REPUBLIKA.CO.ID, JAKARTA -- Rencana pemberian insentif fiskal dari pemerintah ke sektor industri yang berinvestasi untuk kegiatan vokasi, penelitian, dan pengembangan (R&D), rencananya akan direalisasikan berbentuk keringanan pajak atau super deductible tax. Fasilitas tersebut merupakan penambahan faktor pengurangan pajak penghasilan (PPh) di atas 100 persen sehingga pembayaran yang ditanggung badan usaha semakin kecil.
“Kami sudah melakukan pipeline sejak akhir 2018 lalu dan akan terus melakukan harmonisasi dengan kementerian terkait, terutama Kementerian Perindustrian,” kata Menteri Keuangan Sri Mulyani melalui siaran pers, Rabu (20/2).
Dia menjelaskan, bila harmonisasi dapat berjalan lancar, super deductible tax dapat keluar lebih cepat dibanding target yang direncanakan, yakni Maret 2019. Dia menyebut, jika harmonisasi itu terealisasi maka tak menutup kemungkinan realisasi super deductible tax dua pekan lagi.

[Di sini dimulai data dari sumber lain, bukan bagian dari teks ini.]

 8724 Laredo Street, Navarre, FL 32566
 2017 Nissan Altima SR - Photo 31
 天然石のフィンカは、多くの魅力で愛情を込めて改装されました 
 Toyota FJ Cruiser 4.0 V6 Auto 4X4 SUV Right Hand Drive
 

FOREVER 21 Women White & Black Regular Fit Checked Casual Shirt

Menteri Perindustrian Airlangga Hartato mengatakan, penerapan kebijakan super deductible tax merupakan salah satu dukungan pemerintah dalam mendukung inisiatif Making Indonesia 4.0. Menurutnya, pemberian fasilitas bagi para pelaku industri itu semakin melengkapi fiskal tax allowance dan tax holiday.

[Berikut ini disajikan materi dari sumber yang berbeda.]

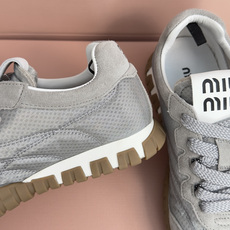 顶级版本:女款 MiuMiu缪缪 最新Tyre系列 网面 休闲 运动鞋 德训鞋 饼干鞋 原版购入开发 做货 这款Tyre 顶级版本:女款 MiuMiu缪缪 最新Tyre系列 网面 休闲 运动鞋 德训鞋 饼干鞋 原版购入开发 做货 这款Tyre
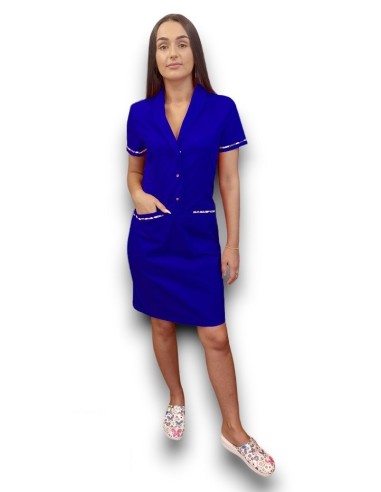 Sarafan medical albastru royal cu insertie florala, capse in fata, din tercot elastic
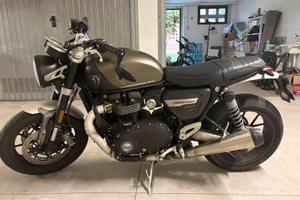 Triumph Speed Twin 1200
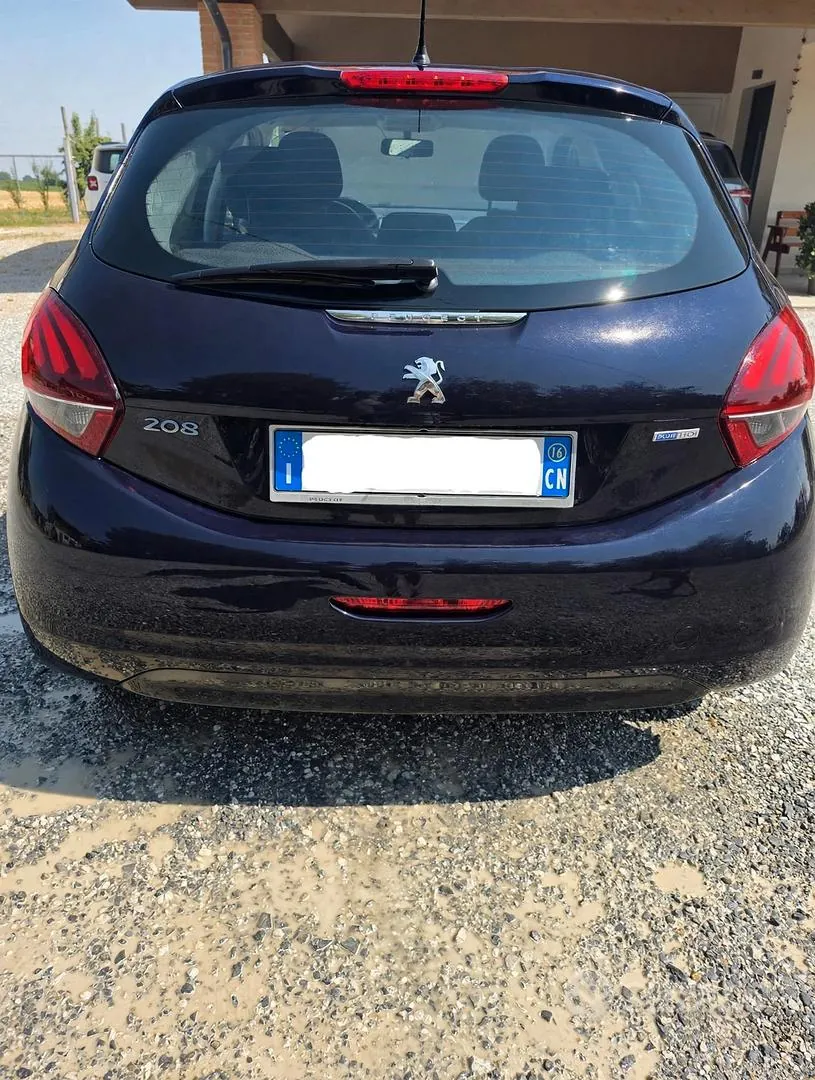 Peugeot 208 2016 photo 3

“Ini akan mengeakselerasi industri manufaktur nasional agar siap menuju revolusi industri 4.0,” katanya.
Pihaknya mengusulkan skema keringanan pajak hingga 200 persen untuk industri yang berinvestasi R&D di Indonesia dengan nilai investasi sebesar Rp 1 miliar. Sementara itu keringan pajak hingga 300 persen akan diberikan kepada industri yanh terlibat dalam R&D untuk menciptakan inovasi.
Dia menjabarkan, simulasi pemberian insentif pajak dapat berupa pengurangan terhadap penghasilan kena pajak selama lima tahun kepada perusahaan yang ikut serta.
“Misalnya ada perusahaan bangun pusat inovasi R&D, nilai investasinya Rp 1 miliar, maka pemerintah akan kurangi penghasilan kena pajak Rp 3 miliar selama lima tahun itu. Jadi bentuknya pengurangan dari biaya litbangnya dikalikan tiga,” katanya.
Adapun syarat yang harus dipenuhi perusahaan apabila ingin mendapat insentif pajak dari kegiatan R&D berupa hasil riset yang dilakukan harus berdampak besar pada perekonomian nasional seperti peningkatan daya saing produk, memacu ekspor, dan penyerapan tenaga kerja.
Selanjutnya, perusahaan yang mengajukan insentif tersebut nantinya akan dianalisa terlebih dahulu oleh pemerintah. Airlangga menegaskan, pemberian insentif fiskal tak serta-merta diberikan begitu saja tanpa pemenuhan syarat yang ditentukan.